Let us crunch a few numbers to show the point. Our hypothesis are the following. The equity market return is Gaussian with a mean of 8.76% and a standard deviation of 18.95% (these values are coming from history between 1871 and 1973). We choose a cost of debt of 5% we and choose various levels of leverage. We do not make any smart investment decision and just follow the market. Our return on equity follows the table below.

One important thing to note is the the numbers grow fast. As a result of that, it is not impressive for a hedge fund leveraged by a factor of 2 to make 15% return. In fact, the fund is underperforming the average.

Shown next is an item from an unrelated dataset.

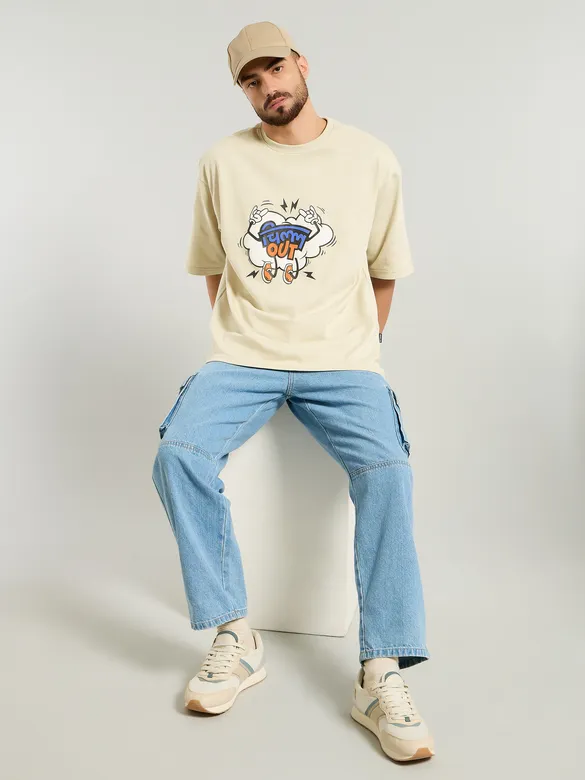 Cream Puff Printed Oversized T-shirt For Men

Where is the catch ? It is in the risk of course. The table below shows the risk that a catastrophe happens (namely the fund looses all itsequity). The risk in minimal when leverage is low but at a factor of 2, it is higher than 1%. Said otherwise, if 80 funds are playing this strategy simultaneously, one of them will probably fail this year.

Does this strategy create value?  Unfortunately not. For each level of leverage, we can use the Modigliani Miller theorem and see what level of return, investors should demand for the level of risk (the computation could be slightly altered by tax but most of these funds do not pay capital gain tax). The results are in the third column. As predicted, this normal level of return is equal to the one achieved by the monkey (i.e. the average).

The example above is crude yet meaningful. Modern finance makes an extensive use of derivatives, short selling and so on wich very often create some level of obligation to the holder and/or increase leverage and/ or risk. The same theroy applies but the estimation of the real risk taken by these investment vehicle is much more difficult. The chase for the monkey will go on.